* Task to carry out *
Look for "White" in the listing below. Gather each line that contains it.

* Information shown *

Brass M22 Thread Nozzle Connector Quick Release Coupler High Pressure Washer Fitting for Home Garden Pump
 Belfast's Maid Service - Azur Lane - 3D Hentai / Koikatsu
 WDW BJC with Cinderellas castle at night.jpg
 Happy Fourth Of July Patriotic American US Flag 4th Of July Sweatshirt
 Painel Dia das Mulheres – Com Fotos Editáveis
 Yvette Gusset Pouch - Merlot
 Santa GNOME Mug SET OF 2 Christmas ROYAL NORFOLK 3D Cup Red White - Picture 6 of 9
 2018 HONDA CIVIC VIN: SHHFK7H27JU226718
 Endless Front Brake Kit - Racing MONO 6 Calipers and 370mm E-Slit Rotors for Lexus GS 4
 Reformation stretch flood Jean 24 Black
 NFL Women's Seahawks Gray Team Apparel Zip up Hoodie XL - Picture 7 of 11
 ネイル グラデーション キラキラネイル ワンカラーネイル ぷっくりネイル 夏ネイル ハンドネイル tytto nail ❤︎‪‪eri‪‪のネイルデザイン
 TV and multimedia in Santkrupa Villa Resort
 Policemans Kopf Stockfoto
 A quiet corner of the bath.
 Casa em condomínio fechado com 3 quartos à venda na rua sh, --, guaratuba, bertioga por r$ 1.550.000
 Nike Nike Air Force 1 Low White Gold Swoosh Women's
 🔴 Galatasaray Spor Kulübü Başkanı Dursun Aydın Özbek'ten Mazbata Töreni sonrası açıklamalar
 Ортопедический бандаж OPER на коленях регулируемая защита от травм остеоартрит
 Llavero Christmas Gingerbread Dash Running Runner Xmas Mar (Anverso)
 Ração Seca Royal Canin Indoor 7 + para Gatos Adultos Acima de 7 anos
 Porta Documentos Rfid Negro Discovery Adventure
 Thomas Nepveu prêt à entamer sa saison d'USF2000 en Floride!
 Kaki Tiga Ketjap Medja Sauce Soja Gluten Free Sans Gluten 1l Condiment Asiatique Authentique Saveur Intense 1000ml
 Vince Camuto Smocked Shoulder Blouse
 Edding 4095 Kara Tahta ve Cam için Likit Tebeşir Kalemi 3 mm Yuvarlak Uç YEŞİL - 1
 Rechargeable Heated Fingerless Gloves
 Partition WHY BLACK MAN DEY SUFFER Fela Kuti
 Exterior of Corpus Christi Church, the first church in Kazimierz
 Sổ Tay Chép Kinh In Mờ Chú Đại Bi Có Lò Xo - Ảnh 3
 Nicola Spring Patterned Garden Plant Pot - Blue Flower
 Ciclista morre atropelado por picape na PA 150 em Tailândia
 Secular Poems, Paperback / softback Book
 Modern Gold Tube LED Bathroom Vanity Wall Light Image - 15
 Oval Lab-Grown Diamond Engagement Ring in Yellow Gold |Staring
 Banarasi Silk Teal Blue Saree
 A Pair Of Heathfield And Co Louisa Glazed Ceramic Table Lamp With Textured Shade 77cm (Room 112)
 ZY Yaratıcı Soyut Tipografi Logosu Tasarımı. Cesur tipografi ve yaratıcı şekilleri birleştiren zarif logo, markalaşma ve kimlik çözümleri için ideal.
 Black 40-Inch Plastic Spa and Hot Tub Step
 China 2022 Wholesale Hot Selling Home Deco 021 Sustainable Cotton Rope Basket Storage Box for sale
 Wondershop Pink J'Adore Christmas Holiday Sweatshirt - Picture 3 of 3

* The answer *
 Santa GNOME Mug SET OF 2 Christmas ROYAL NORFOLK 3D Cup Red White - Picture 6 of 9
 Nike Nike Air Force 1 Low White Gold Swoosh Women's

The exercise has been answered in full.